エターナル・フロンティア~前編~


 科学者の男は、更に質問を続けることができなかった。

 圧倒的な迫力に、負けてしまう。

 流石、科学者の頂点に立つ人物。

 言葉のひとつひとつが、身体に突き刺さる。それにより、硬直し動けなかった。顔色も徐々に悪くなっていく。変化は、一目で見破る。ユアンはクスクスと笑いつつ、横を通り過ぎる。

 刹那、小声で囁く。「ご苦労」と――

 冷たく淡々とした言葉。科学者の男は、身震いした。

 将来、多くの科学者を統率する。

 男は、それを思い出す。

 確かにユアンは、それだけのスキルを有している。

 知識·弁論·技術――天は彼に、多くを与えた。

 お陰で、今の地位に座っている。

 決して、真似はできない。絶対に、逆らってはいけない。男は、それを目の当たりにした。

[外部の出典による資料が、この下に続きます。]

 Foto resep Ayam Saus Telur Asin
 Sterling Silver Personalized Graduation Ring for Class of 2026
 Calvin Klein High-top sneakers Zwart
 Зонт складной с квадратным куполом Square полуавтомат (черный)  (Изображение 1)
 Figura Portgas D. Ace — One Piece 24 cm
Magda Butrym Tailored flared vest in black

 ユアンが視界から消えた後も身体が奮え、呼吸が荒い。意識を保つのもやっとで、気を緩めたら倒れてしまいそうだった。

 人間か。

 化け物か。

 底が見えない相手に、顔色が悪くなっていく。

 そして壁に寄り掛かり、動揺が治まるのを待った。




 一方ソラを連れて行ったユアンは、日頃自身が仕事で使用している部屋に連れて行くことにした。

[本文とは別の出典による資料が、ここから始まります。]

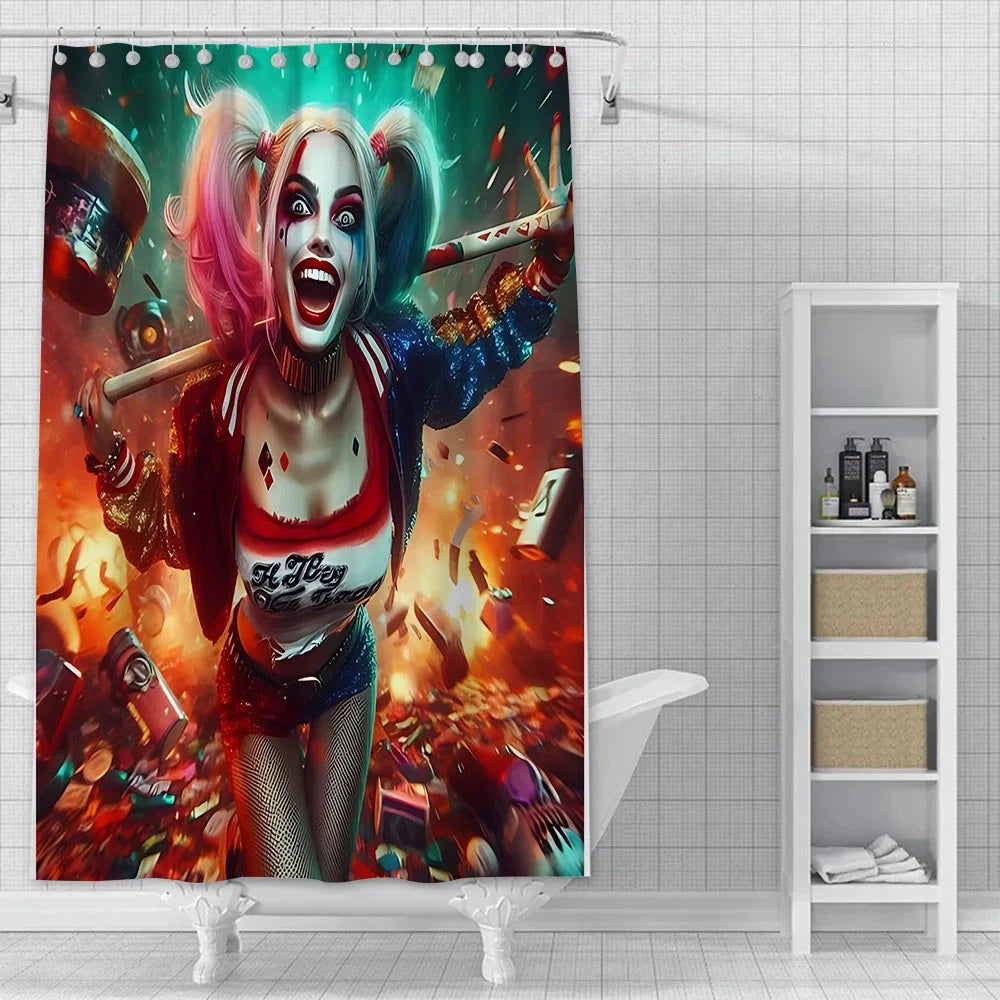 Rideau de Douche Harley Quinn - Boutique Batman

 放置していてもいい。だが身の安全を図る場合、部屋に連れて行くのが一番。滅多なことで、立ち入る人物がいないからだ。ぐったりとなっているソラをソファーに横たわらせると、椅子に深々と腰掛ける。

 そして目を細め、ソラを見詰めた。

 しかし、殺意はない。

 寧ろ、哀れみに似た色が浮かんでいる。

「お前は……」

 囁くように呟いた言葉は、空中に霧散する。

 仮死状態のソラの耳に、届くことはなかった。だが何かを恐れているのか、ユアンの言葉が大きくなることはない。